If you play some sort of video file, say XYZ.mpg, and there is also a file with the same root name and appropriate extension such as XYZ.ass (the extension for SubStation Alpha), then VLC will automatically load the subtitles file and play it. If the subtitles file has a different name, then it can be loaded from the VLC menu Video ➤ Subtitles Track. However, this does not appear to be as reliable as sharing the name.

Gnome Subtitles

See “Gnome Subtitles 1.3 is out!” ( http://gnome-subtitles.sourceforge.net/ ). Gnome supports Adobe Encore DVD, Advanced Sub Station, Alpha AQ, Title DKS Subtitle Format FAB Subtitler Karaoke Lyrics LRC Karaoke Lyrics VKT MacSUB MicroDVD MPlayer MPlayer 2 MPSub Panimator Phoenix Japanimation Society Power DivX Sofni SubCreator 1.x SubRip Sub Station Alpha SubViewer 1.0, SubViewer 2.0, and ViPlay Subtitle File.

SubStation Alpha

The SSA/ASS specification is at MooDub.free ( http://moodub.free.fr/video/ass-specs.doc ). It is brief and appears to contain some minor errors with respect to later specifications and implementations. For example, the time format is different. Or are the later ones all wrong?

SSA/ASS files can be used stand-alone. They can also be included in container formats such as Matroska files, discussed briefly in Chapter 3. When they are embedded into MKV files, some restrictions ( www.matroska.org/technical/specs/subtitles/ssa.html ) are made, such as the text being converted into UTF-8 Unicode.

ASS files are divided into several sections.

General information about the environment the subtitle file expects, such as the X and Y resolutions
Style information such as colors and fonts
Event information, which is where the subtitle text is given along with timing information and any special effects to be applied

Under normal circumstances you would not directly create such files using a text editor.
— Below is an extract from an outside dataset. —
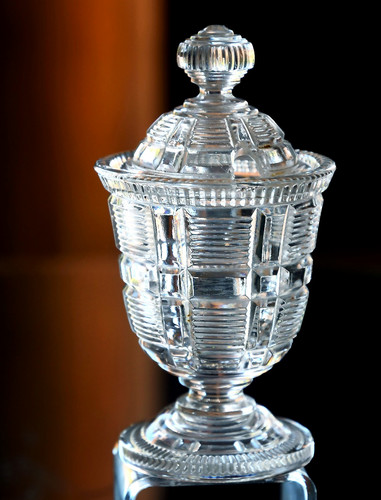 Baccarat moutardier - —,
Instead, the program Aegisub gives you a GUI environment in which to create the files. Essentially, you just enter the text lines, plus the start and end times for each line to be displayed.

Figure 26-1 shows a screen dump.

Figure 26-1. Aegisub screenshot

Many special effects are possible. The video on Bill Cresswell's blog ( https://billcreswell.wordpress.com/tag/aegisub/ ) is an excellent example. Here is the direct YouTube link: www.youtube.com/watch?v=0Z0dgdglrAo .

For completeness, here is part of an ASS file I created:

[Script Info]
; Script generated by Aegisub 2.1.9
; http://www.aegisub.org/
Title: Default Aegisub file
ScriptType: v4.00+
WrapStyle: 0
PlayResX: 640
PlayResY: 480
ScaledBorderAndShadow: yes
Video Aspect Ratio: 0
Video Zoom: 6
Video Position: 0

[V4+ Styles]
Format: Name, Fontname, Fontsize, PrimaryColour, SecondaryColour, OutlineColour, BackColour, Bold, Italic, Underline, StrikeOut, ScaleX, ScaleY, Spacing, Angle, BorderStyle, Outline, Shadow, Alignment, MarginL, MarginR, MarginV, Encoding
Style: Default,Arial,20,&H00FFFFFF,&H00B4FCFC,&H00000008,&H80000008,0,0,0,0,100,100,0,0,1,2,2,2,10,10,10,1

[Events]
Format: Layer, Start, End, Style, Name, MarginL, MarginR, MarginV, Effect, Text
Dialogue: 0,0:00:18.22,0:00:19.94,Default,,0000,0000,0000,,Here comes the sun
Dialogue: 0,0:00:20.19,0:00:21.75,Default,,0000,0000,0000,,doo doo doo doo
Dialogue: 0,0:00:22.16,0:00:24.20,Default,,0000,0000,0000,,Here comes the sun
Dialogue: 0,0:00:24.61,0:00:28.24,Default,,0000,0000,0000,,I said it's alright
...

Karaoke Effects in ASS Files

A line in an ASS file essentially consists of a time to start the display, a time to finish the display, and the text itself. However, karaoke users are accustomed to the text being highlighted as it is played.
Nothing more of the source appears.